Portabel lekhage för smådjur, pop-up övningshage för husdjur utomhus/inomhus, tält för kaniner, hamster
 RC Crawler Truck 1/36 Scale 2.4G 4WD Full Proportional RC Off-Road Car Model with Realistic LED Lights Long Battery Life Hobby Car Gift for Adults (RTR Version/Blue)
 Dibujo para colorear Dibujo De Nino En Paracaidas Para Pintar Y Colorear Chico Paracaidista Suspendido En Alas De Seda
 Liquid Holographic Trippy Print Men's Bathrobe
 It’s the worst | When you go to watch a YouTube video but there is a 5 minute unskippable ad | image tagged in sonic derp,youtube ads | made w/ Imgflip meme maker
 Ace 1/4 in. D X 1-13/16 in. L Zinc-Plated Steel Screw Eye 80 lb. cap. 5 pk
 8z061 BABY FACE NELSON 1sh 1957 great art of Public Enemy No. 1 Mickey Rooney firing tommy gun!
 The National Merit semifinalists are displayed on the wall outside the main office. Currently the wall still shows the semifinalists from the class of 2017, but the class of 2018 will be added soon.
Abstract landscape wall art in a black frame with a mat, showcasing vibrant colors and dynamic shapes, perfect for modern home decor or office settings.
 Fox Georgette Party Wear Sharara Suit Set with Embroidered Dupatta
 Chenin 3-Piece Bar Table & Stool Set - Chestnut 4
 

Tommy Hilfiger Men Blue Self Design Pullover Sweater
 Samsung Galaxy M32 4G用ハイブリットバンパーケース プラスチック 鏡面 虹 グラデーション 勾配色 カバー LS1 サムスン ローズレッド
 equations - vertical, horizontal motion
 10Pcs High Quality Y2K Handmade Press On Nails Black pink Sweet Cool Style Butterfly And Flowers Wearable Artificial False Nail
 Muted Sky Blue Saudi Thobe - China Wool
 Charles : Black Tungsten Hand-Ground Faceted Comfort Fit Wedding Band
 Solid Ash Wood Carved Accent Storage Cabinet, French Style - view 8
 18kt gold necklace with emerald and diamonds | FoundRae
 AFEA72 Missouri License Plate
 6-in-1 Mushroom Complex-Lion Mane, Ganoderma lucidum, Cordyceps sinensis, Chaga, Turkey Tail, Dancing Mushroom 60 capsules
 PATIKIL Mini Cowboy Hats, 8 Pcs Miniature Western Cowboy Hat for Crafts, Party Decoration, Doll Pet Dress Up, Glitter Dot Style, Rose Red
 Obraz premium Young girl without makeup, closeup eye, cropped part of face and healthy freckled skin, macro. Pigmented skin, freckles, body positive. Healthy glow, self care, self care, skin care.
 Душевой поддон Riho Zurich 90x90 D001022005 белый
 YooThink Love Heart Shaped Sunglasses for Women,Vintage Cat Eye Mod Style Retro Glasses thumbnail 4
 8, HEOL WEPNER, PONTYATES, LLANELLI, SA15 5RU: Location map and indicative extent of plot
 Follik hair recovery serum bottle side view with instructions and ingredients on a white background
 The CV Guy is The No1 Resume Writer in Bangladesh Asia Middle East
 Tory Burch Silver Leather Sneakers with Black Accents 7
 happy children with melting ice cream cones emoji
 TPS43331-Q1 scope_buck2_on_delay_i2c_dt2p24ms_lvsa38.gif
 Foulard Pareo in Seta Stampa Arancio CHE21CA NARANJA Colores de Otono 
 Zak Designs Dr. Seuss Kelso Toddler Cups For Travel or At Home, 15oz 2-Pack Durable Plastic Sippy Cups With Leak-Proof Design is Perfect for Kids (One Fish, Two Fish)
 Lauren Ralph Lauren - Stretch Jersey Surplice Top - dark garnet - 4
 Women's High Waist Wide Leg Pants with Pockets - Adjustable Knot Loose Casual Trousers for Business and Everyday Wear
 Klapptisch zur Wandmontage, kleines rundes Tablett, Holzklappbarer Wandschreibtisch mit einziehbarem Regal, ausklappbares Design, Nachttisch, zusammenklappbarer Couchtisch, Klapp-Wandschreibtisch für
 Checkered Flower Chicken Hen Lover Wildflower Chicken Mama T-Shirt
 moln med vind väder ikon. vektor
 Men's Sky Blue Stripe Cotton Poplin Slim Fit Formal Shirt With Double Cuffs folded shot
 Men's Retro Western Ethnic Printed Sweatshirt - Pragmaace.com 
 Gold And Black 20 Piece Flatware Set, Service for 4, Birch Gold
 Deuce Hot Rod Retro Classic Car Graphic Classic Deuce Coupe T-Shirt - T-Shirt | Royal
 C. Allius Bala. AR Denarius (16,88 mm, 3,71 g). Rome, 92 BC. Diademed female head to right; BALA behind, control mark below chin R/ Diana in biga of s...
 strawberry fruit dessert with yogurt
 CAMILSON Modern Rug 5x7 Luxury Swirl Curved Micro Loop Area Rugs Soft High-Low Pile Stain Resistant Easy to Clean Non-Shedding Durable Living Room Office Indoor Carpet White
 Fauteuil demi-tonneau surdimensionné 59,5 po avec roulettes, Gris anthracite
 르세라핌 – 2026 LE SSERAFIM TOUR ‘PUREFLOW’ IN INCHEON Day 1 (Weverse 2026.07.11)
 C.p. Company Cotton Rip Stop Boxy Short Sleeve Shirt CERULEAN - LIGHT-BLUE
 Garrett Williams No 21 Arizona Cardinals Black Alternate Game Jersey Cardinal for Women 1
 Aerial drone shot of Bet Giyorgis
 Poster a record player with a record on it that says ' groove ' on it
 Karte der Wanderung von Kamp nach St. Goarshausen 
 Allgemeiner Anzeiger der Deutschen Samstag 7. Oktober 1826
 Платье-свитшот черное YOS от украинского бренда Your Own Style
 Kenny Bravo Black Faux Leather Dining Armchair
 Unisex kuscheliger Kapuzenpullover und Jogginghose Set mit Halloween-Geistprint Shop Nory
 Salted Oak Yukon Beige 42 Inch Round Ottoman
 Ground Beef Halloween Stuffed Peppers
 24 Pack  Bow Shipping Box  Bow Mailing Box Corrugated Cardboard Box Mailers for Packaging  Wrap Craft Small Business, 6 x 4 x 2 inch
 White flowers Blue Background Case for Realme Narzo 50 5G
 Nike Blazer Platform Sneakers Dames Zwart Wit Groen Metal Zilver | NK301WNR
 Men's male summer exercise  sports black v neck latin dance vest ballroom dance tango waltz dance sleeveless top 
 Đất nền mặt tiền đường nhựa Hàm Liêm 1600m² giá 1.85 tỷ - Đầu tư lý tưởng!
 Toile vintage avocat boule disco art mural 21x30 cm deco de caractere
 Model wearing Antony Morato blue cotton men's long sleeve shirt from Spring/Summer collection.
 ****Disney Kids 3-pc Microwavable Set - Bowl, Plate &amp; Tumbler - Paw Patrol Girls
------------------------------------------------
Transcribe the full set of records without altering a single character.

Portabel lekhage för smådjur, pop-up övningshage för husdjur utomhus/inomhus, tält för kaniner, hamster
 RC Crawler Truck 1/36 Scale 2.4G 4WD Full Proportional RC Off-Road Car Model with Realistic LED Lights Long Battery Life Hobby Car Gift for Adults (RTR Version/Blue)
 Dibujo para colorear Dibujo De Nino En Paracaidas Para Pintar Y Colorear Chico Paracaidista Suspendido En Alas De Seda
 Liquid Holographic Trippy Print Men's Bathrobe
 It’s the worst | When you go to watch a YouTube video but there is a 5 minute unskippable ad | image tagged in sonic derp,youtube ads | made w/ Imgflip meme maker
 Ace 1/4 in. D X 1-13/16 in. L Zinc-Plated Steel Screw Eye 80 lb. cap. 5 pk
 8z061 BABY FACE NELSON 1sh 1957 great art of Public Enemy No. 1 Mickey Rooney firing tommy gun!
 The National Merit semifinalists are displayed on the wall outside the main office. Currently the wall still shows the semifinalists from the class of 2017, but the class of 2018 will be added soon.
Abstract landscape wall art in a black frame with a mat, showcasing vibrant colors and dynamic shapes, perfect for modern home decor or office settings.
 Fox Georgette Party Wear Sharara Suit Set with Embroidered Dupatta
 Chenin 3-Piece Bar Table & Stool Set - Chestnut 4
 

Tommy Hilfiger Men Blue Self Design Pullover Sweater
 Samsung Galaxy M32 4G用ハイブリットバンパーケース プラスチック 鏡面 虹 グラデーション 勾配色 カバー LS1 サムスン ローズレッド
 equations - vertical, horizontal motion
 10Pcs High Quality Y2K Handmade Press On Nails Black pink Sweet Cool Style Butterfly And Flowers Wearable Artificial False Nail
 Muted Sky Blue Saudi Thobe - China Wool
 Charles : Black Tungsten Hand-Ground Faceted Comfort Fit Wedding Band
 Solid Ash Wood Carved Accent Storage Cabinet, French Style - view 8
 18kt gold necklace with emerald and diamonds | FoundRae
 AFEA72 Missouri License Plate
 6-in-1 Mushroom Complex-Lion Mane, Ganoderma lucidum, Cordyceps sinensis, Chaga, Turkey Tail, Dancing Mushroom 60 capsules
 PATIKIL Mini Cowboy Hats, 8 Pcs Miniature Western Cowboy Hat for Crafts, Party Decoration, Doll Pet Dress Up, Glitter Dot Style, Rose Red
 Obraz premium Young girl without makeup, closeup eye, cropped part of face and healthy freckled skin, macro. Pigmented skin, freckles, body positive. Healthy glow, self care, self care, skin care.
 Душевой поддон Riho Zurich 90x90 D001022005 белый
 YooThink Love Heart Shaped Sunglasses for Women,Vintage Cat Eye Mod Style Retro Glasses thumbnail 4
 8, HEOL WEPNER, PONTYATES, LLANELLI, SA15 5RU: Location map and indicative extent of plot
 Follik hair recovery serum bottle side view with instructions and ingredients on a white background
 The CV Guy is The No1 Resume Writer in Bangladesh Asia Middle East
 Tory Burch Silver Leather Sneakers with Black Accents 7
 happy children with melting ice cream cones emoji
 TPS43331-Q1 scope_buck2_on_delay_i2c_dt2p24ms_lvsa38.gif
 Foulard Pareo in Seta Stampa Arancio CHE21CA NARANJA Colores de Otono 
 Zak Designs Dr. Seuss Kelso Toddler Cups For Travel or At Home, 15oz 2-Pack Durable Plastic Sippy Cups With Leak-Proof Design is Perfect for Kids (One Fish, Two Fish)
 Lauren Ralph Lauren - Stretch Jersey Surplice Top - dark garnet - 4
 Women's High Waist Wide Leg Pants with Pockets - Adjustable Knot Loose Casual Trousers for Business and Everyday Wear
 Klapptisch zur Wandmontage, kleines rundes Tablett, Holzklappbarer Wandschreibtisch mit einziehbarem Regal, ausklappbares Design, Nachttisch, zusammenklappbarer Couchtisch, Klapp-Wandschreibtisch für
 Checkered Flower Chicken Hen Lover Wildflower Chicken Mama T-Shirt
 moln med vind väder ikon. vektor
 Men's Sky Blue Stripe Cotton Poplin Slim Fit Formal Shirt With Double Cuffs folded shot
 Men's Retro Western Ethnic Printed Sweatshirt - Pragmaace.com 
 Gold And Black 20 Piece Flatware Set, Service for 4, Birch Gold
 Deuce Hot Rod Retro Classic Car Graphic Classic Deuce Coupe T-Shirt - T-Shirt | Royal
 C. Allius Bala. AR Denarius (16,88 mm, 3,71 g). Rome, 92 BC. Diademed female head to right; BALA behind, control mark below chin R/ Diana in biga of s...
 strawberry fruit dessert with yogurt
 CAMILSON Modern Rug 5x7 Luxury Swirl Curved Micro Loop Area Rugs Soft High-Low Pile Stain Resistant Easy to Clean Non-Shedding Durable Living Room Office Indoor Carpet White
 Fauteuil demi-tonneau surdimensionné 59,5 po avec roulettes, Gris anthracite
 르세라핌 – 2026 LE SSERAFIM TOUR ‘PUREFLOW’ IN INCHEON Day 1 (Weverse 2026.07.11)
 C.p. Company Cotton Rip Stop Boxy Short Sleeve Shirt CERULEAN - LIGHT-BLUE
 Garrett Williams No 21 Arizona Cardinals Black Alternate Game Jersey Cardinal for Women 1
 Aerial drone shot of Bet Giyorgis
 Poster a record player with a record on it that says ' groove ' on it
 Karte der Wanderung von Kamp nach St. Goarshausen 
 Allgemeiner Anzeiger der Deutschen Samstag 7. Oktober 1826
 Платье-свитшот черное YOS от украинского бренда Your Own Style
 Kenny Bravo Black Faux Leather Dining Armchair
 Unisex kuscheliger Kapuzenpullover und Jogginghose Set mit Halloween-Geistprint Shop Nory
 Salted Oak Yukon Beige 42 Inch Round Ottoman
 Ground Beef Halloween Stuffed Peppers
 24 Pack  Bow Shipping Box  Bow Mailing Box Corrugated Cardboard Box Mailers for Packaging  Wrap Craft Small Business, 6 x 4 x 2 inch
 White flowers Blue Background Case for Realme Narzo 50 5G
 Nike Blazer Platform Sneakers Dames Zwart Wit Groen Metal Zilver | NK301WNR
 Men's male summer exercise  sports black v neck latin dance vest ballroom dance tango waltz dance sleeveless top 
 Đất nền mặt tiền đường nhựa Hàm Liêm 1600m² giá 1.85 tỷ - Đầu tư lý tưởng!
 Toile vintage avocat boule disco art mural 21x30 cm deco de caractere
 Model wearing Antony Morato blue cotton men's long sleeve shirt from Spring/Summer collection.
 ****Disney Kids 3-pc Microwavable Set - Bowl, Plate &amp; Tumbler - Paw Patrol Girls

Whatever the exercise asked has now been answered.